In The Keeping Room, we witness the true feature film arrival of actress Muna Otaru – and it is a powerful, seismic experience. The movie is a stinging, desolate look at the American Civil War from the perspective of three women, struggling to survive together on a farm in the south. Far from being a period drama, however, this is a deeply unsettling home invasion horror film which uses its Civil War setting to muse on universal themes – including gender roles, race, violence against women, and the devastating effect of armed conflict.
In the role of Mad – one of the three women at the centre of this horror story – Muna Otaru delivers a performance so brilliantly crafted that her warm presence envelops the entire narrative in a way that is rarely captured in cinema. Mad is a former slave to the family of Augusta (Brit Marling) and Louise (Hailee Steinfeld) – sisters whose menfolk have long since headed for the front lines. The women have adapted to their new circumstances, however, and have created for themselves a new family unit, in which the three of them all play an equal role.
It is as the horror unfolds – created by two rogue soldiers (Sam Worthington and Kyle Soller) – that we see these roles begin to fall within clearly defined boundaries, with Augusta as the warrior, Louise as the innocent and Mad as the protector. This is where the power of Muna Otaru really comes into play as, amid a cast whose work here is uniformly excellent, the actress executes her big screen role with startling precision.
Even more startling is the fact that Otaru was never even in contention for the role of Mad, but instead was auditioning for a fleeting, non-speaking bit-part that features in the opening scene.
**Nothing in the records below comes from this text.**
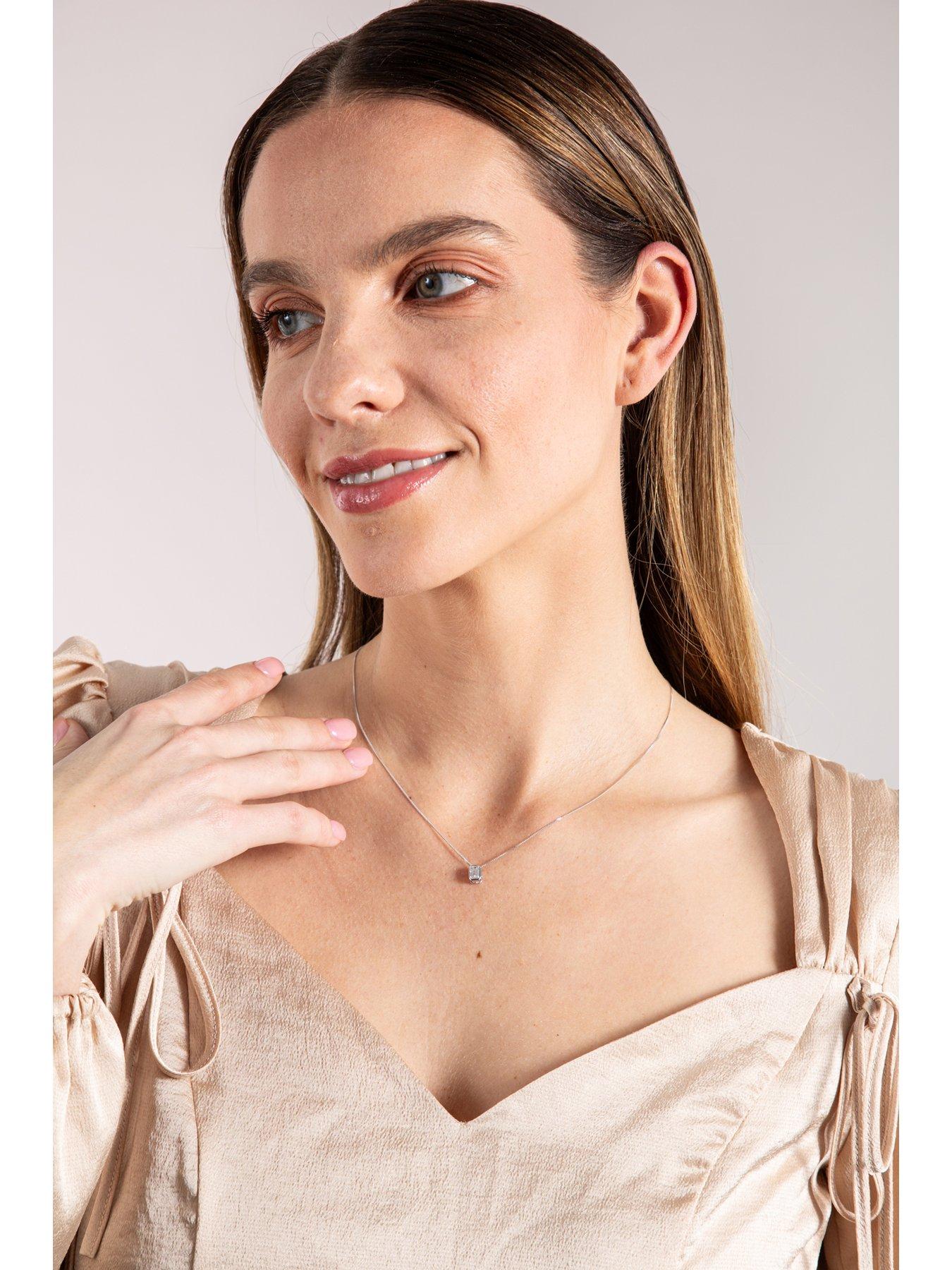 Image 4 of 5 of Love DIAMOND 0.50ct Emerald Cut Diamond Slider Pendant Lab Grown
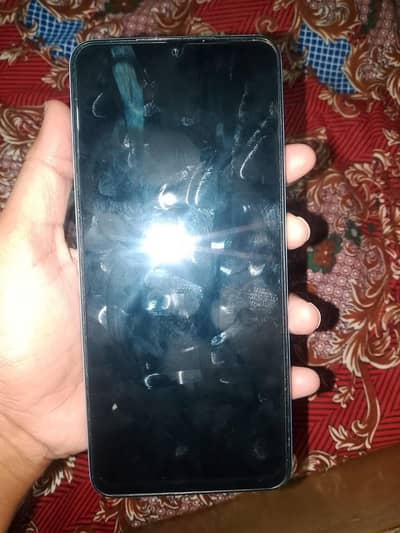 redmi a5 4/64 good condition 4/5 mounth use  box with original charger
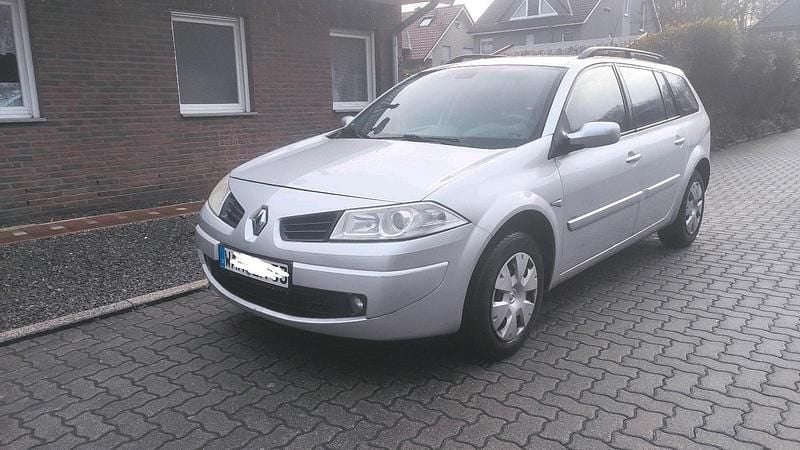 Gebraucht Renault Mégane II Avantage 103 PS (75 kW) 2007 Silber Kombi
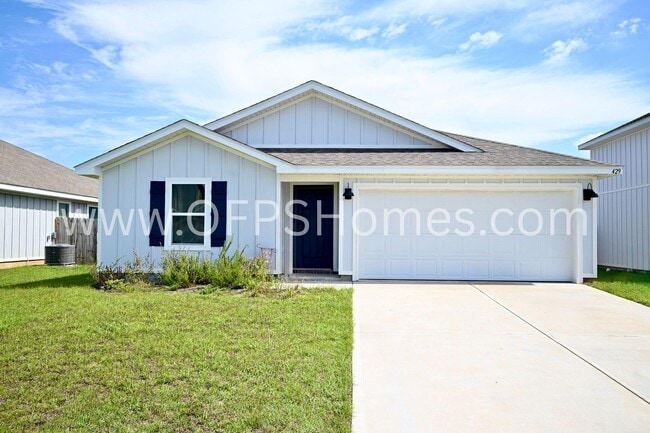 429 Scarborough St in Crestview, FL - Building Photo - Building Photo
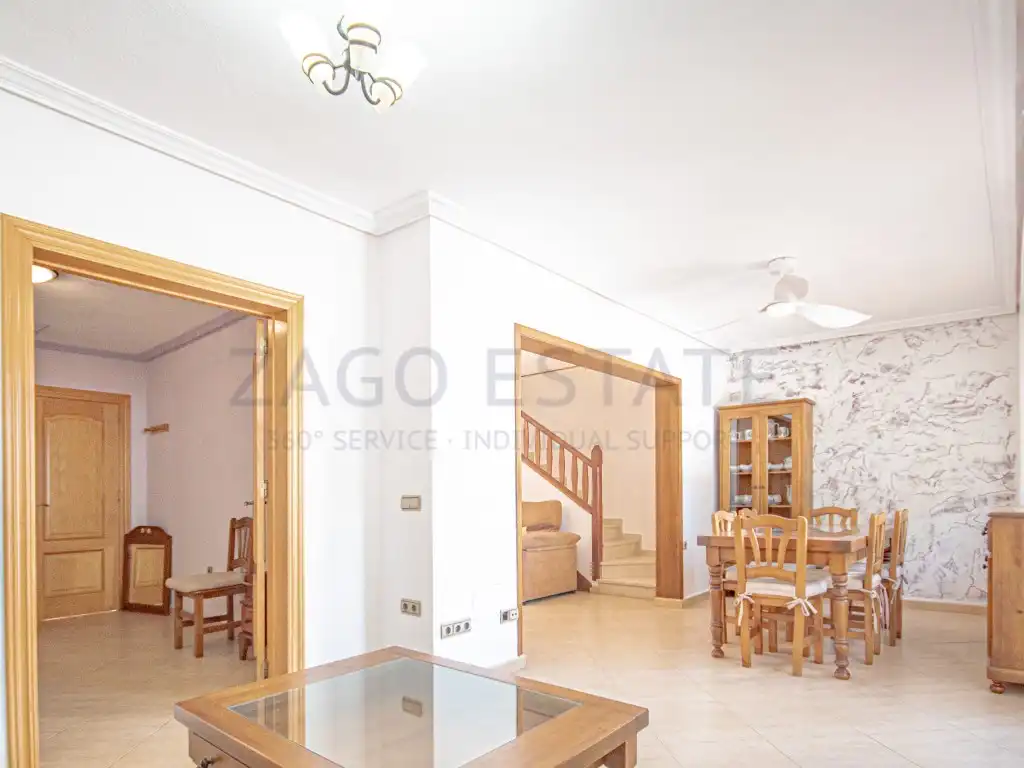 Casa adosada en venta en La Nucia con Jardín privado, Amueblado y Horno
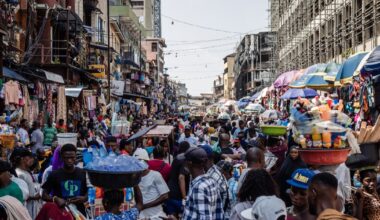 Report: Over 40% of Nigeria's informal businesses make less than $12 daily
Her casting as one of the three leads in The Keeping Room is testament, therefore, not only to her skill as a performer, but also to the foresight of the director – Academy Award nominee Daniel Barber.
“You know, it’s so interesting because, as I get older, I understand the power behind femininity – that feminine power, or that feminine way of approaching things that isn’t so linear, that is very creative – that kind of creative space. That’s where I was, mentally, when this script came my way, and I just feel like it was meant to be, because I had initially gone in to read for the woman in the beginning of the film, who has the encounter with the dog, and then the next day I had a recall, and I just assumed it was for the same part. But, then Daniel had me read a scene – the scene where Mad is speaking to Louise about her rape experience. So, I was finding out about this – that war uses rape as emotional weaponry – I’m discovering this as I’m reading it, because it was a cold read, and it was incredibly moving and shattering at the same time. So, I just feel like my personal life and my creative life kind of merged in that moment.
“And [that original part] had no lines – she just barks at a dog. And then the next day, this was happening, and I read that scene and we were all crying in the room. I looked up, and after a while Daniel said, ‘Would you read a few more scenes?’ I think I did, like, four or five more scenes, and then after that, he said, ‘Would you be interested in playing this character?’ I said, ‘Yes’, and he was like, ‘Well, it’s going to be a lot of work.’ I’m like, ‘OK’, and he said, ‘OK, well, you may be hearing from me.’ And I step out of the room and I was like, ‘What just happened?’
“Daniel’s like that. Daniel goes with his gut, and you just have to just go with his flow. He sees it, and you just have to trust that. I remember Brit and I, a lot of times, we would ride together to work, in the same car, and we’d be like, ‘What are we going to do?’, and we were like, ‘I don’t know!’ And I would say, ‘I’ll look at you,’ and she would say, ‘I’ll look at you, and we’ll just go for it.’”
Essential to the success of her performance is the accent employed by Otaru. It is entirely specific to the period, location and social status of the character.
“I wanted her voice to be as original and human as possible, and Jessica [Drake, dialect coach] and I were on the same page with that. Thankfully, she had these recordings of interviews with former slaves – people who had been enslaved – and then I also found additional recordings through the Library of Congress in the U.S., and I would listen to those. We literally went from word to word – I kid you not – every single word. We listened for it, specific to South Carolina as well, and re-wrote the script with each word.
“She wasn’t going to be on set with us, and I was the last person to be cast, so I didn’t have much time – like, probably two weeks – and I had a day job, and I was going to be working until the very last day before I left for Romania [to shoot The Keeping Room]. So our Skype sessions were at, like, midnight, 1am, 2am, and we would work. And it’s so funny because she’s in London right now working on another project, and this was the first time that we met face-to-face, because we had dinner, and I was like, ‘Oh you were such a drill sergeant!’ Like, we were so scared on set that we would mess up. Brit and I and Hailee would do these exercises as well, before we started our scenes.”